─── EXTRACTED RECORDS

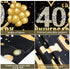 Happy 40th Anniversary Banner Backdrop Decorations, Large Wedding Background Sign Decor, Black Gold 40 Year Photography Photo Props Party Supplies...
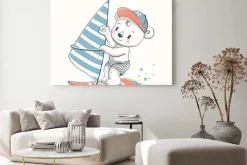 Obraz: Cute baby bear windsurfer cartoon hand drawn vector illustration.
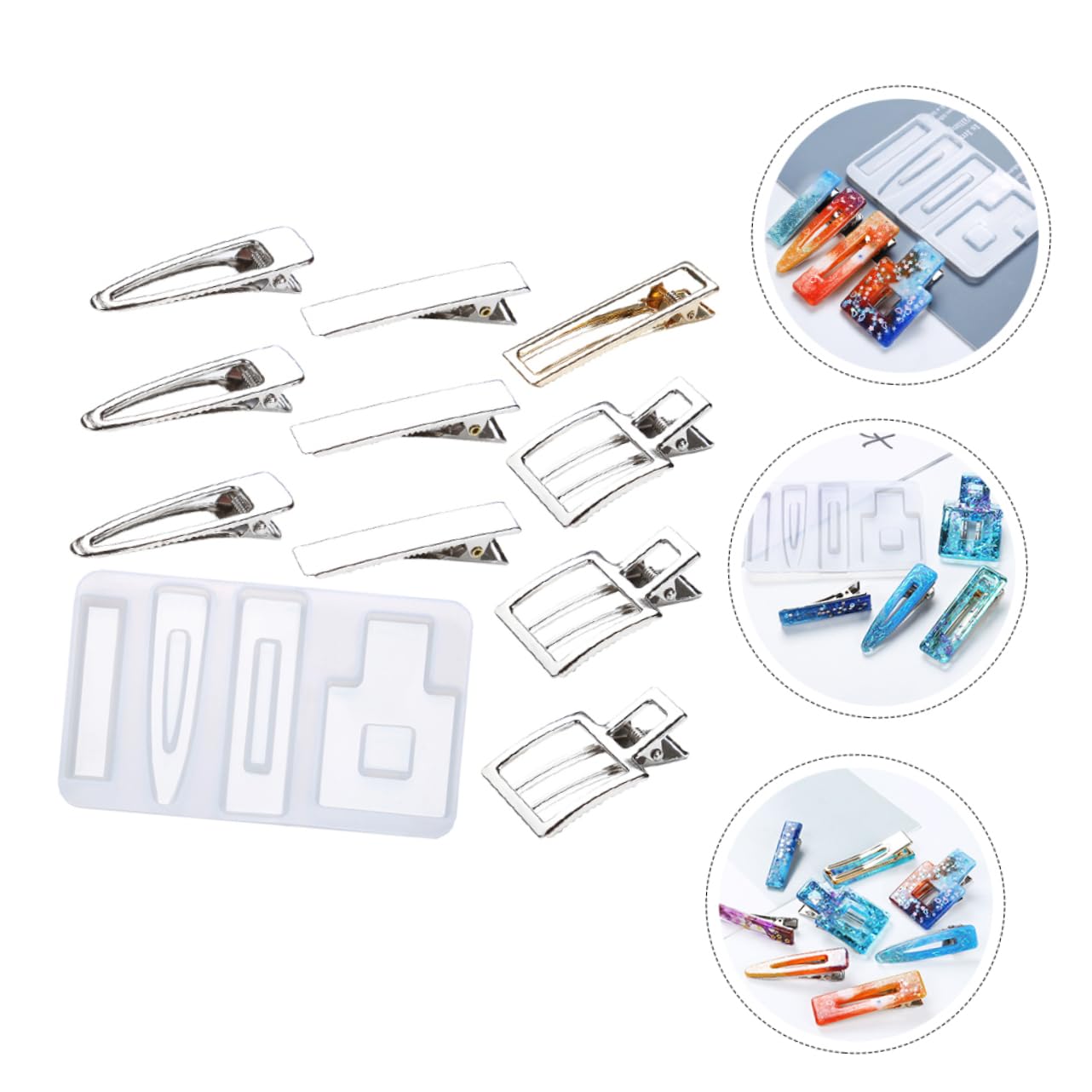 STOBOK 3sets Stampo Per Fermagli Per Silicone Di Stampo Per Creazioni Fatte Mano Mold Per Epoxy e Fai Da Te Per Accessori Per Regali Creativi e Hobby Di Artigianato
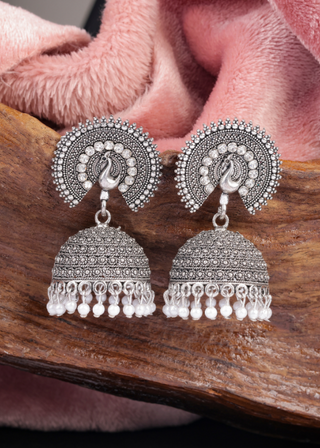 Afgani German Silver Oxidized Jhumki Earrings for Women (DESIGN 1017)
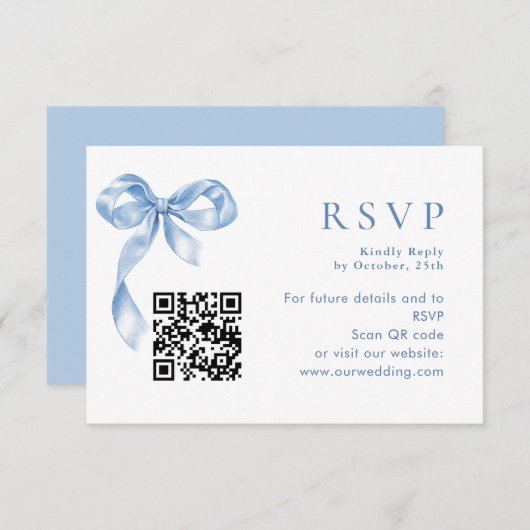 Elegant Dusty Blue Hand Drawn Bow Wedding RSVP Karte (Vorne/Hinten)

──────

- [DESCRIPTION OF THE TASK]: Start at the line that contains "Afgani German Silver" and retype every line through the end of the entries above, both ends included. Exclude all pictures.

- [YOUR SOLUTION]:
 Afgani German Silver Oxidized Jhumki Earrings for Women (DESIGN 1017)
 Elegant Dusty Blue Hand Drawn Bow Wedding RSVP Karte (Vorne/Hinten)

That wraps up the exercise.